Incensed at this insult, the goddess tossed her drink at the boy,
turning him into a lizard.
This engraving, created when Goudt was living in
Rome, was dedicated to the Cardinale Scipione Borghese, an avid collector
of Northern European artists. It is evident that it became quite popular
in its time since many copies were made and it is documented in the
collections of major contemporary artists like Rubens and Gerard Dou.

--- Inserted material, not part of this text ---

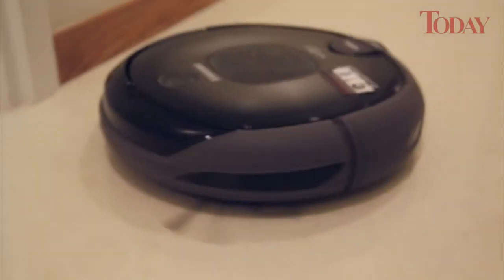While its cost is a premium over regular vacuum cleaners, the Navibot Silencio takes the chore out of cleaning.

Like Van de Velde, Goudt used tenebrism (a strong contrast of
light and dark created by centralized sources of light) to establish
a mysterious atmosphere. This was the second of only seven prints engraved
by Hendrik Goudt. All of Goudt’s prints were copies after paintings
by the German artist Adam Elsheimer with whom he lived in Rome. Since
the story of The
Mocking of Ceres was never specifically defined as a night scene,
the choice to turn it into one created a way for Elsheimer, who must
have been influenced by Caravaggio, to implement tenebristic effects
to make the scene more ominous and mysterious. The encroaching vines
that envelop the torch-lit scene make it very intimate if not almost
claustrophobic. Nature’s, and thus Ceres; power seems further
emphasized by the diagonal composition in the central portion of the
print, defined by a line from the broken branch looming over Ceres
to the boy’s tilted head.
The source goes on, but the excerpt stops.